## [EXERCISE INSTRUCTIONS]
Your copy of the data below must be exact and must leave out all pictures.
··· SOURCE DATA
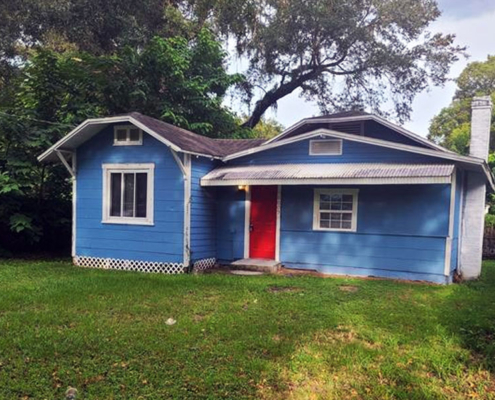 8009 N. 14th Street, Tampa, FL 33604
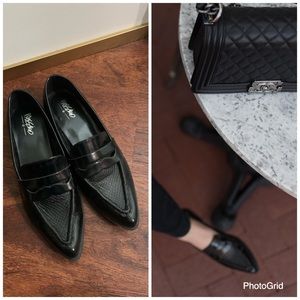 Black loafers like new
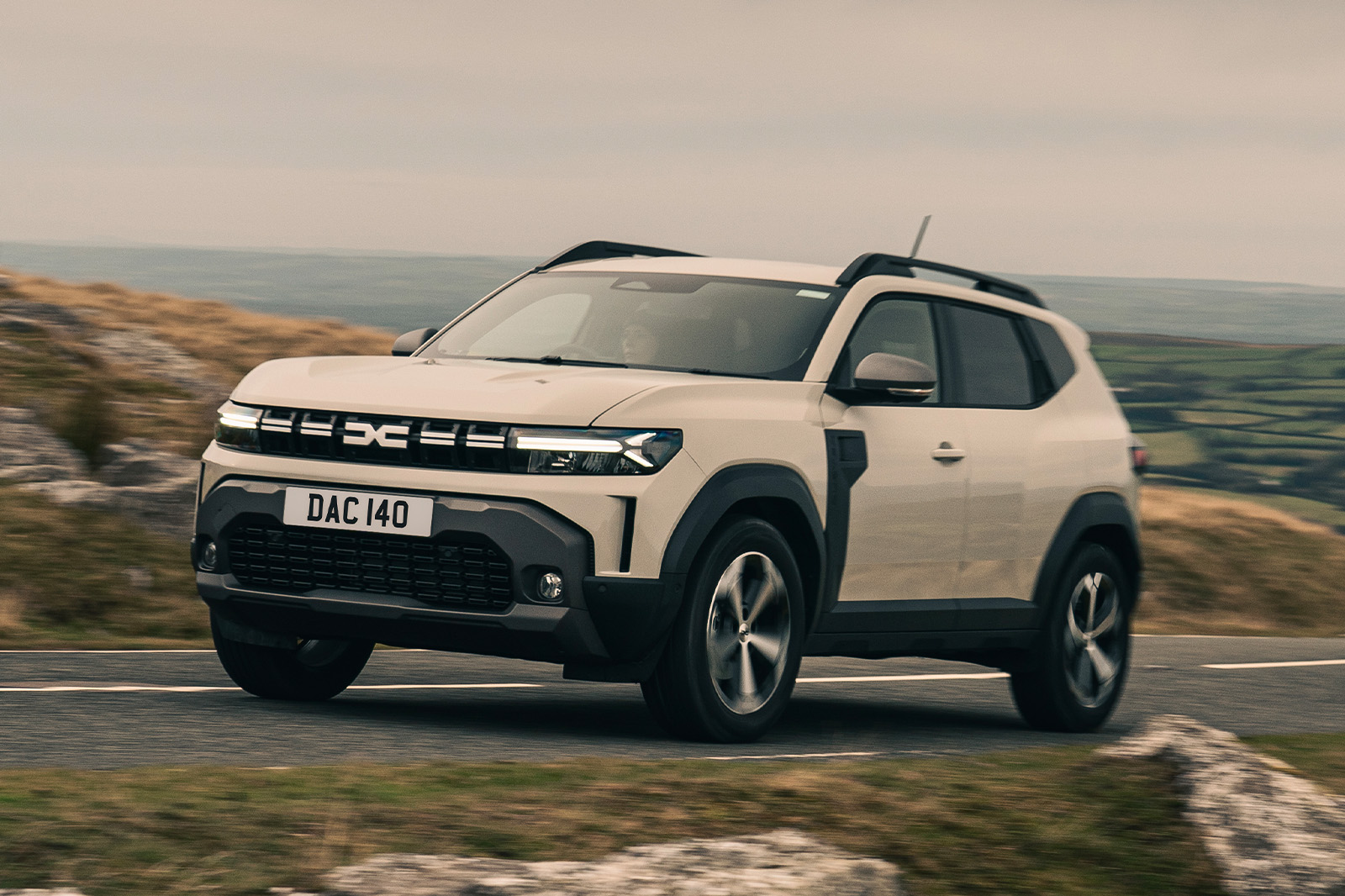 Dacia Duster : avis sur l'avant sur la route Dacia Duster avis avant sur la route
······
## [YOUR RESPONSE]
 8009 N. 14th Street, Tampa, FL 33604
 Black loafers like new
 Dacia Duster : avis sur l'avant sur la route Dacia Duster avis avant sur la route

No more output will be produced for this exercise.